This repository is a simple demonstration of reinforcement learning using Q‑learning.
-
Environment
The environment is modeled as a N×M grid.- Agent Positioning: The agent’s state is its current position on the grid, defined as a tuple
(row, column). - Movement Rules:
- The agent can move one step at a time in one of four directions: Up, Down, Left, or Right.
- The goal is to reach the center of the grid.
- If the agent moves out of bounds, the episode fails.
- Agent Positioning: The agent’s state is its current position on the grid, defined as a tuple
-
Agent
The agent is built using a Q‑learning algorithm with an epsilon‑greedy action selection strategy.-
Q‑Learning Update Rule:
The update rule is given by:Q(s, a) ← Q(s, a) + α · (r + γ · maxₐ' Q(s', a') − Q(s, a))- α (alpha): Learning rate.
- γ (gamma): Discount factor for future rewards.
-
The agent learns to choose actions based on its Q‑table, which estimates the expected reward for each (state, action) pair.
-
-
Trainer
The Trainer module runs the training loop where:- The environment is reset at the beginning of each episode.
- The agent interacts with the environment step-by-step.
- The agent receives rewards and updates its Q‑table via the Q‑learning update rule until it either reaches the center or goes out of bounds.
-
Server
The server uses Actix‑web to expose a REST API endpoint that provides access to the agent’s learned Q‑table (or can be extended to serve predictions). This is useful for demonstration and observation of how the agent makes decisions.
src/agent.rs– Contains the implementation of the Q‑learning agent.src/environment.rs– Contains the simulation of the environment and its actions.src/train.rs– Contains the trainer that handles the training loop.src/bin/train.rs– A binary for training the agent.src/bin/server.rs– A binary for running the REST API server.

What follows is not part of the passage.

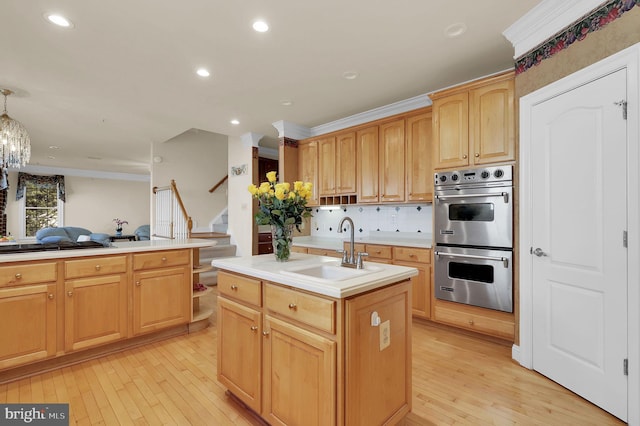 kitchen with a sink, crown molding, light countertops, stainless steel double oven, and a kitchen island with sink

- Rust (latest stable version)
- Cargo
Clone the repository and navigate to its directory, then build with Cargo:
git clone https://github.com/your-org/rust_rl.git
cd rust_rl
cargo build --releaseYou can train the agent by running the training binary. This will run the training loop for a specified number of episodes and save the resulting Q‑table as a CSV file.
cargo run --bin train --releaseAfter training, the Q‑table is saved to a CSV file (e.g., data/q_table.csv) and printed on the terminal.
After training (or if you load a saved Q‑table), you can start the server. The server exposes a /q_table endpoint that returns the agent’s Q-table
cargo run --bin server --releaseAccess the server by opening your browser or using a tool like curl:
curl "http://127.0.0.1:8080/q_table"